* [What is expected] Skip every image and restate the data word for word.

Scraped caption text data:

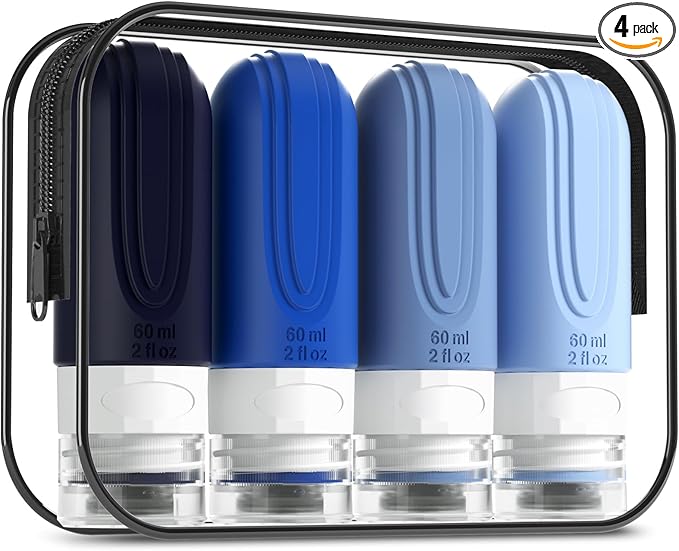 Mrsdry Travel Bottles for Toiletries, Tsa Approved 2oz Travel size Bottles, BPA Free Leak Proof Travels Toiletry Containers, Traveler Accessories with Toiletry Bag for Shampoo Liquid (4 Pack)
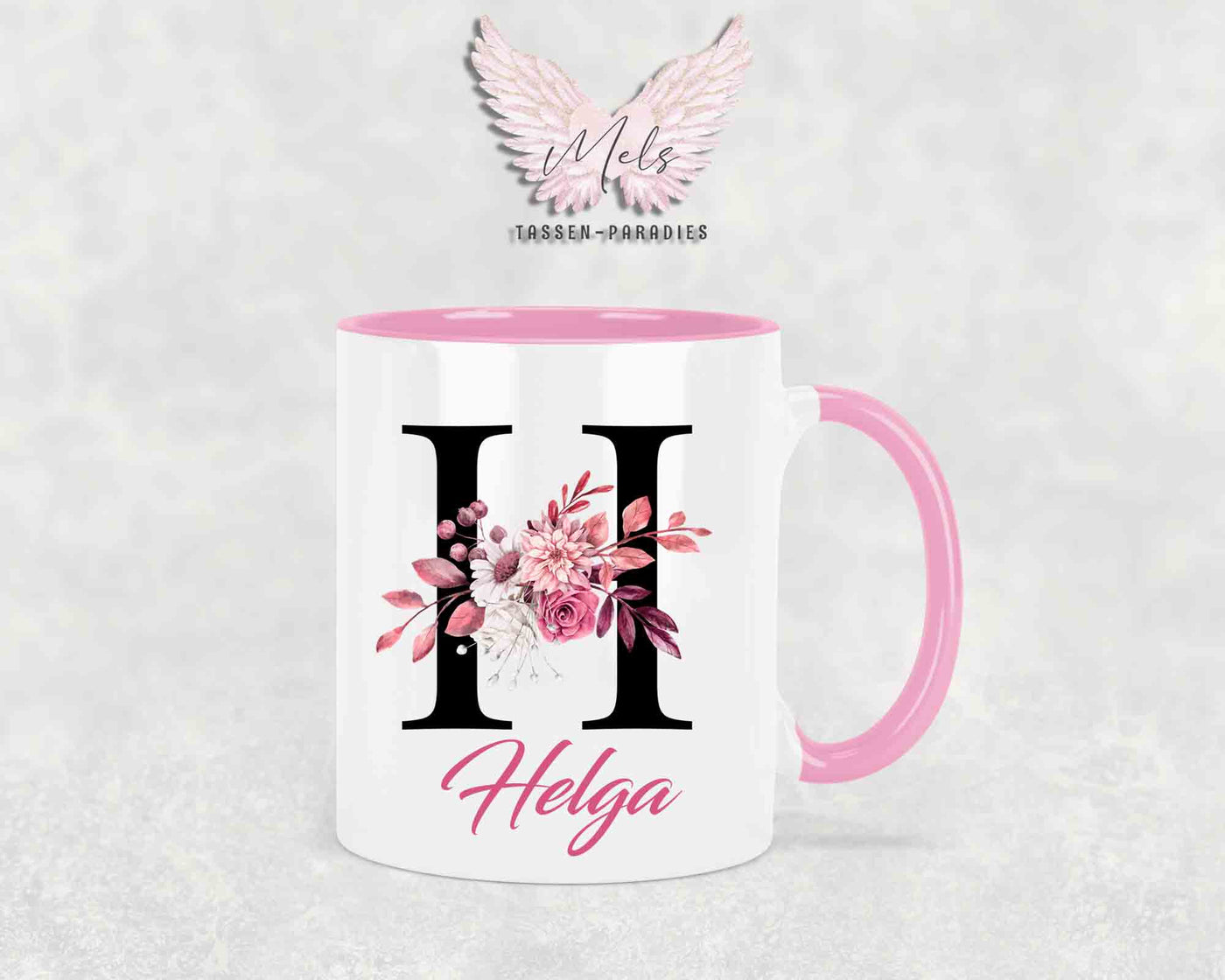 Alphabet mit Name - Personalisierte Keramik-Tasse Rosa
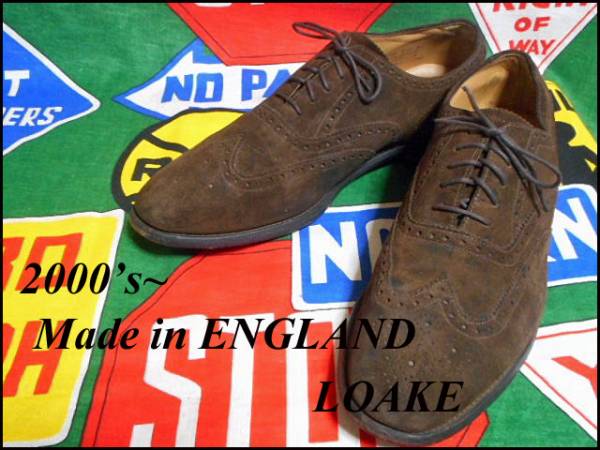 《オススメ》英国製LOAKEブラウンスウェードウイングチップ革靴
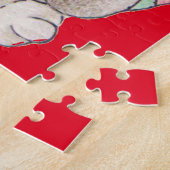 かわいいパグのボーイングのクリスマス遊写真 ジグソーパズル (側面)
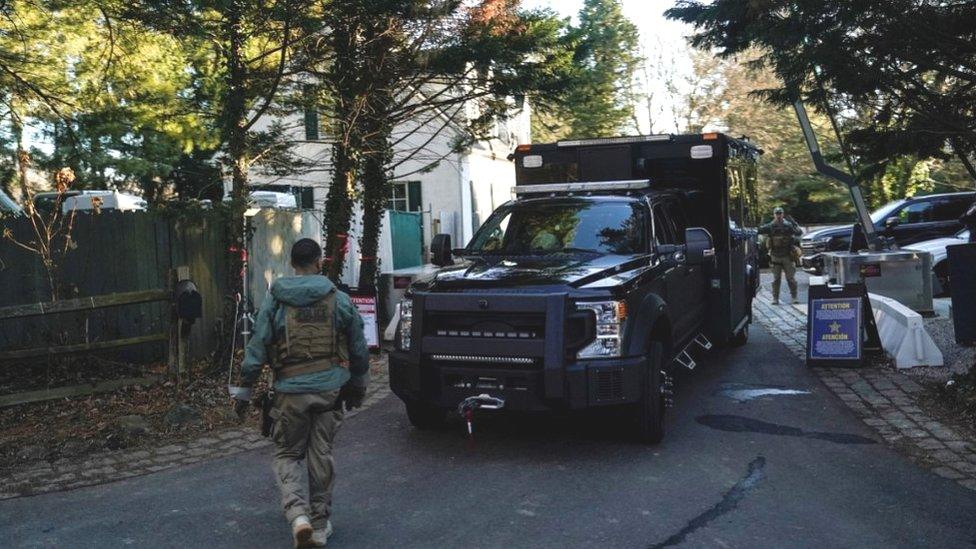 Secret service personnel at Biden home in Wilmington, 15 Jan 23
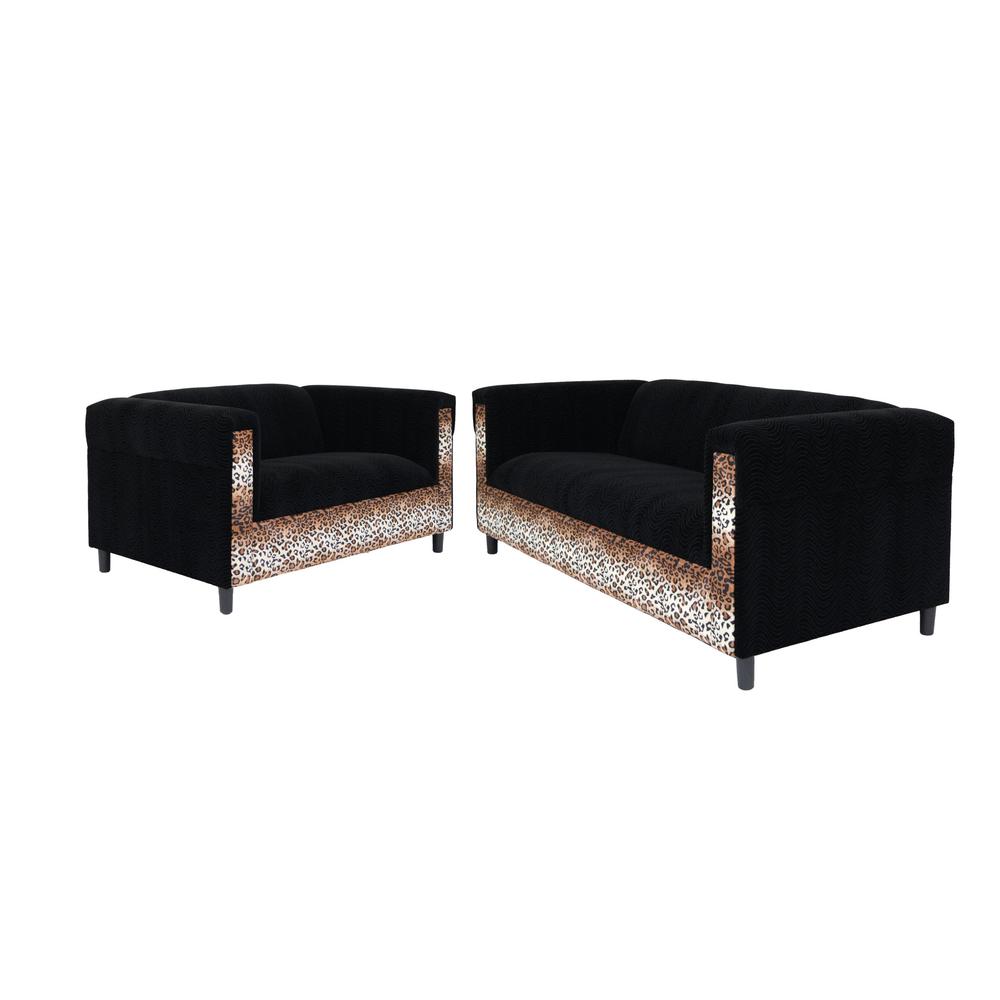 Two Piece  Leopard and Black Five Person Seating Set. Picture 1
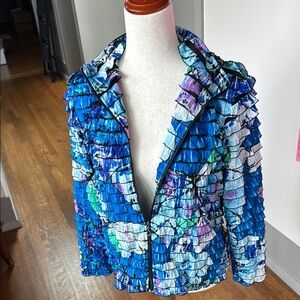 Elegant Blue and White Ruffled Cardigan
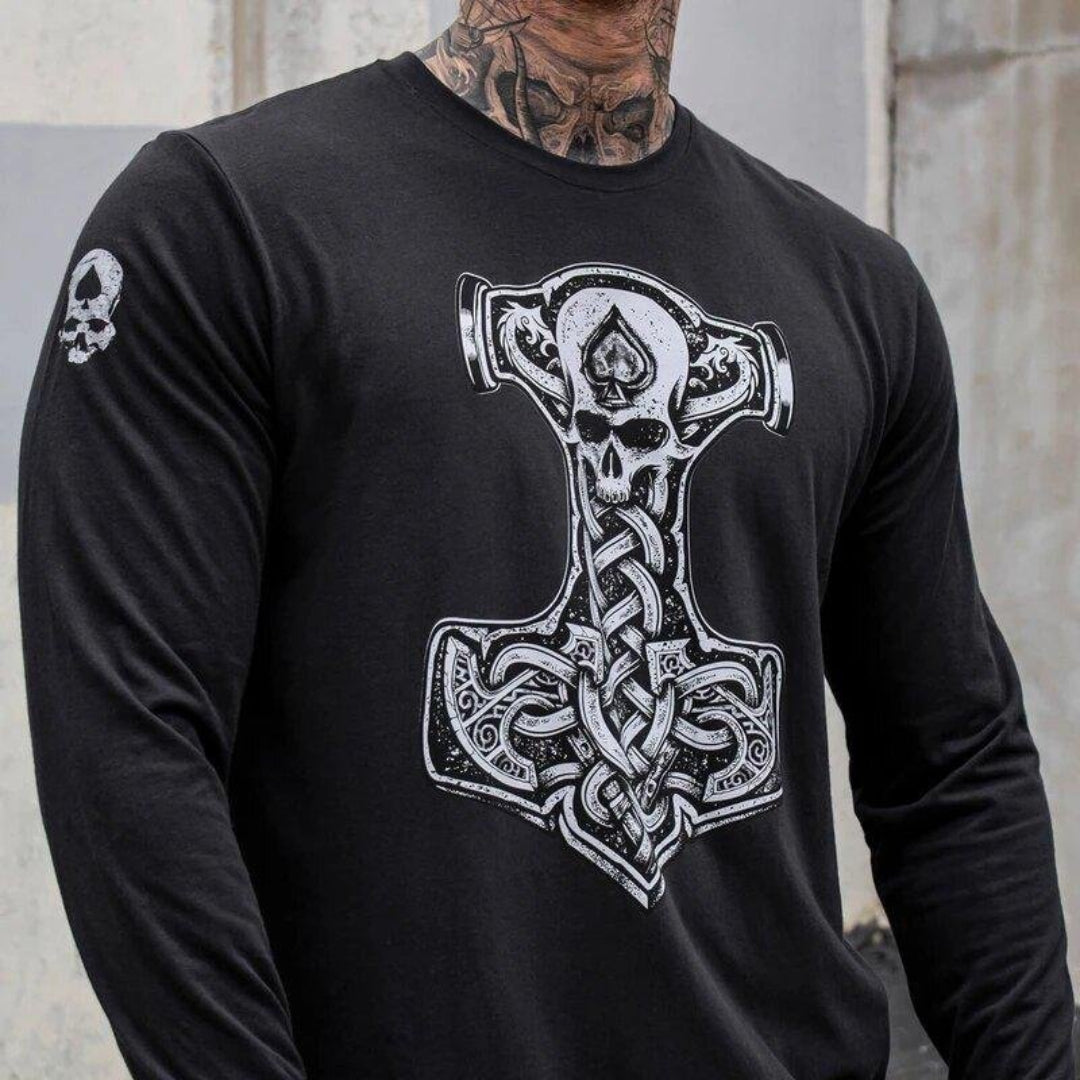 Plus Size THOR Skull Long Sleeve - Black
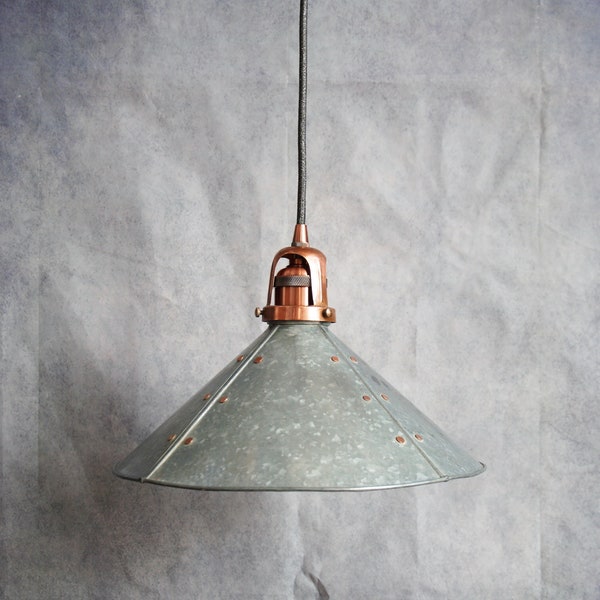 Handmade Industrial Vintage Rustic Lampshade, Retro Old Style Factory Workshop Lampshade Decor, Garage Bar Ceiling Pendant Light Shade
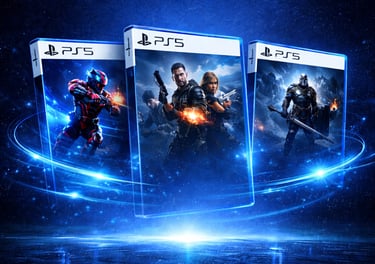 Three PlayStation 5 game cases featuring action, sci-fi, and fantasy characters against a glowing blue galaxy background.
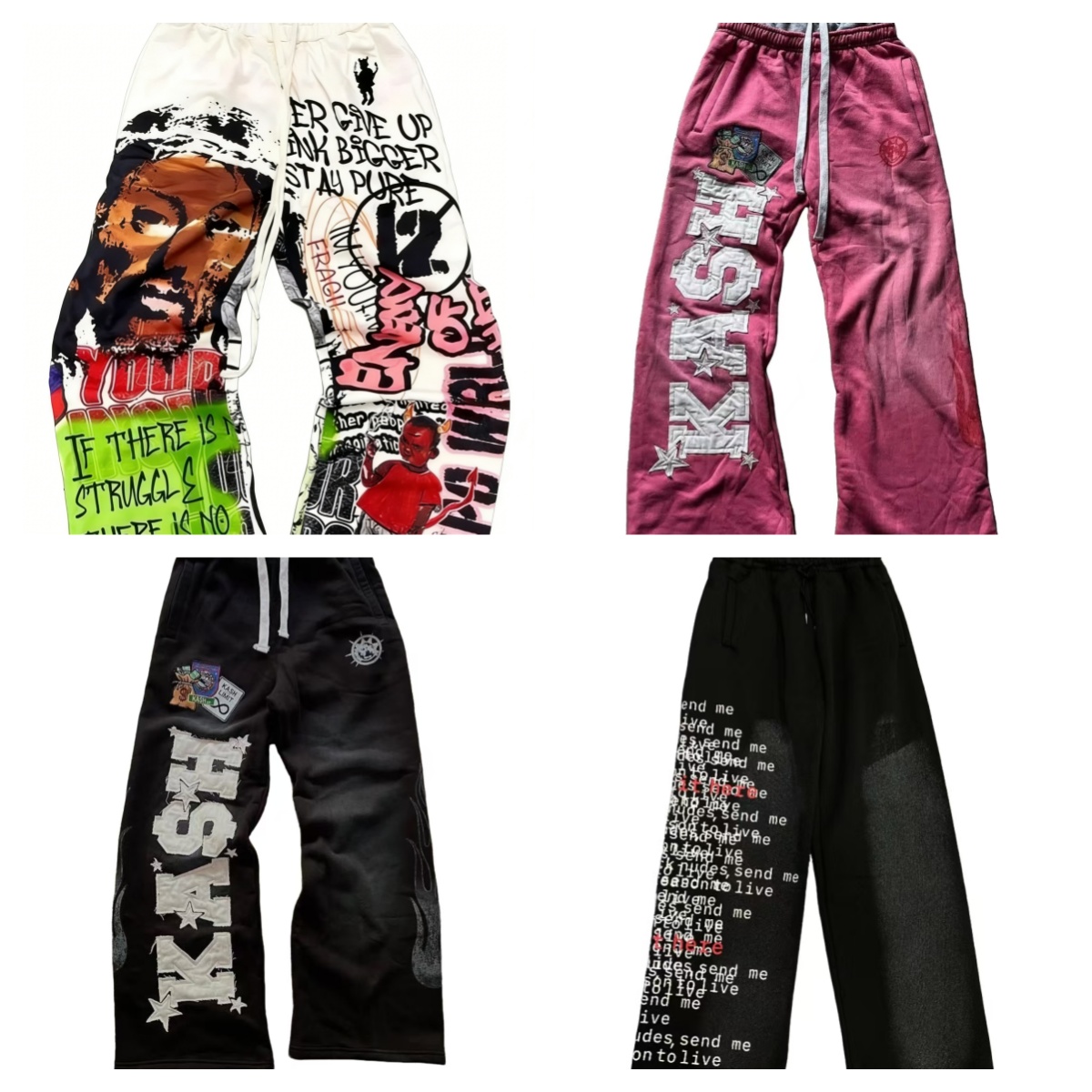 Men's Pants Goth Harajuku Double Layer Elastic Waistband Men Hip Hop Letter Print Y2k Cargo Joggers Loose Casual Sweatpants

* [Solution for this task]
 Mrsdry Travel Bottles for Toiletries, Tsa Approved 2oz Travel size Bottles, BPA Free Leak Proof Travels Toiletry Containers, Traveler Accessories with Toiletry Bag for Shampoo Liquid (4 Pack)
 Alphabet mit Name - Personalisierte Keramik-Tasse Rosa
 《オススメ》英国製LOAKEブラウンスウェードウイングチップ革靴
 かわいいパグのボーイングのクリスマス遊写真 ジグソーパズル (側面)
 Secret service personnel at Biden home in Wilmington, 15 Jan 23
 Two Piece  Leopard and Black Five Person Seating Set. Picture 1
 Elegant Blue and White Ruffled Cardigan
 Plus Size THOR Skull Long Sleeve - Black
 Handmade Industrial Vintage Rustic Lampshade, Retro Old Style Factory Workshop Lampshade Decor, Garage Bar Ceiling Pendant Light Shade
 Three PlayStation 5 game cases featuring action, sci-fi, and fantasy characters against a glowing blue galaxy background.
 Men's Pants Goth Harajuku Double Layer Elastic Waistband Men Hip Hop Letter Print Y2k Cargo Joggers Loose Casual Sweatpants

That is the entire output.